Live In Orbit: Hubble Spacewalk 3 Under Way

A pair of NASA astronauts are making their way outside shuttle Atlantis this morning on a mission to outfit the Hubble Space Telescope with a state-of-the-art spectrograph and repair a broken planetary camera.

Atlantis lead spacewalker John Grunsfeld and mission specialist Drew Feustel switched their protective spacesuits to battery power at 9:35 a.m., marking the official start of the third of five planned spacewalks to service the Hubble telescope.

The start came as Atlantis, with Hubble on a work platform at the aft end of its cargo bay, flew 350 miles above the Indian Ocean, tracking toward the west coast of Australia.

Grunsfeld is wearing a spacesuit with red stripes on its legs and is answering to the radio call sign "EV-1." Feustel is "EV-2" and is wearing an all-white spacesuit.

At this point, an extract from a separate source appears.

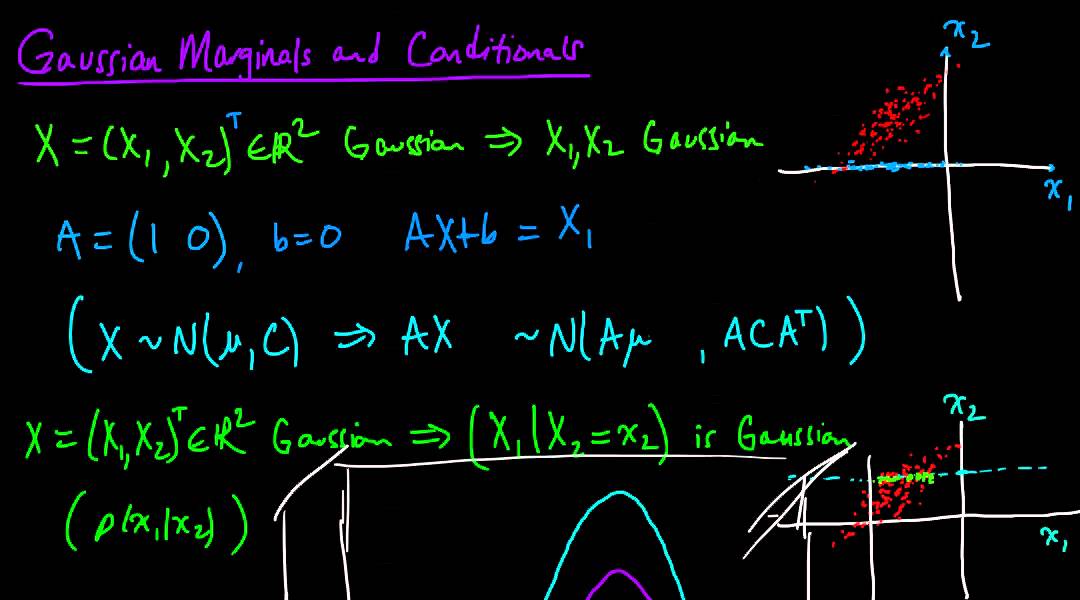 (PP 6.9) Conditional distributions of a Gaussian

The astronauts will be making their way out of the shuttle airlock and then will spend their first half-hour or so checking their braided steel safety tethers, gathering up tools and attaching a foot restraint to the end of the shuttle's 50-foot robot arm. Feustel will anchor himself to the restraint for the servicing work. Atlantis mission specialist Megan McArthur is operating the arm

The next order of business will be to remove the COSTAR instrument -- a refrigerator-sized module that is equipped with mirrors that correct for the flaw in the telescope's primary mirror.

The instrument was installed in December 1993 and has served since then the same purposes as contact lenses. It has enabled Hubble spectrographs to operate despite the flaw in the primary mirror, which was ground to the wrong prescription, rendering the telescope near-sighted.